4.1. Collecting data

It was difficult to find appropriate datasets that corresponded to what I had in mind, because some datasets were too simplistic in that they had too few variables, and would not allow me to draw a complete picture of the situation. In the end, I used SingStat’s table builder to combine two relevant datasets about Singapore’s labour force.

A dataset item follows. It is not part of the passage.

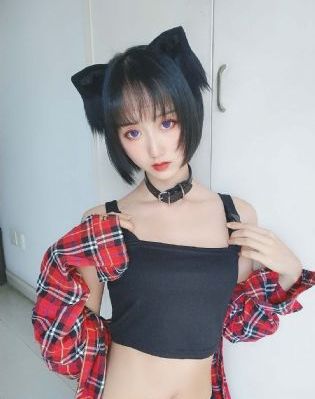 欧美巨乳妈妈_1080P在线观看高清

4.2 Cleaning and organising data

Some of the data had variables that were not separated. For example, the Variables column initially contained variables such as “Managers & Administrators - Male” within one cell, which meant that it would be hard to do analysis that involved segmenting the data by gender. Therefore, I had to devise a way to organise the data such that it could be used for more in-depth analysis. Data cleaning was done using Excel, and further data processing was done in R Markdown.

4.3 Designing challenges

The data needed to be manipulated for many of the graphs because the dimensions of the data did not work for all the graphs that I wanted to create. Hence, I had to create many additional data variables in R that held the modified data that I needed for my graphs. I decided to create multiple graphs as well, so that I could explore the topic of median monthly income in Singapore more thoroughly.

4.4 Proposed design

5. Appendix

Notes on data (from source)

  • Monthly Income data:
    • Full title: M920131 - Median Gross Monthly Income From Work (Including Employer CPF) Of Full-Time Employed Residents By Occupations And Sex,(June), Annual
    • Data last updated: 10/11/2020
    • Generated by: SingStat Table Builder
    • Date generated: 22/03/2021
    • Data are from Comprehensive Labour Force Survey. Data exclude Full-Time National Servicemen. Residents refer to Singapore Citizens and Permanent Residents. Full-Time employment (excluding full-time National Servicemen) refers to employment where normal hours of work is at least 35 hours per week. Gross Monthly Income From Work refers to income earned from employment. For employees, it refers to the gross monthly wages or salaries before deduction of employee CPF contribution and personal income tax. It comprises basic wages, overtime pay, commissions, tips, other allowance and one-twelfth of annual bonuses. For self-employed persons, gross monthly income refers to the average monthly profits from their business, trade or profession (i.e. total receipts less business expenses incurred) before deduction of income tax. Data are classified based on Singapore Standard Occupation Classification(SSOC) 2015. Data before year 2015 which were coded based on earlier versions of the SSOC were mapped to SSOC 2015 as far as possible to facilitate data comparability. As data are captured from a sample survey, year-on-year income changes are prone to fluctuations and hence should always be interpreted with caution. Income growth studied over longer periods (e.g. 5 to 10 years) smooths out these fluctuations and hence provides a more direct indication of income growth.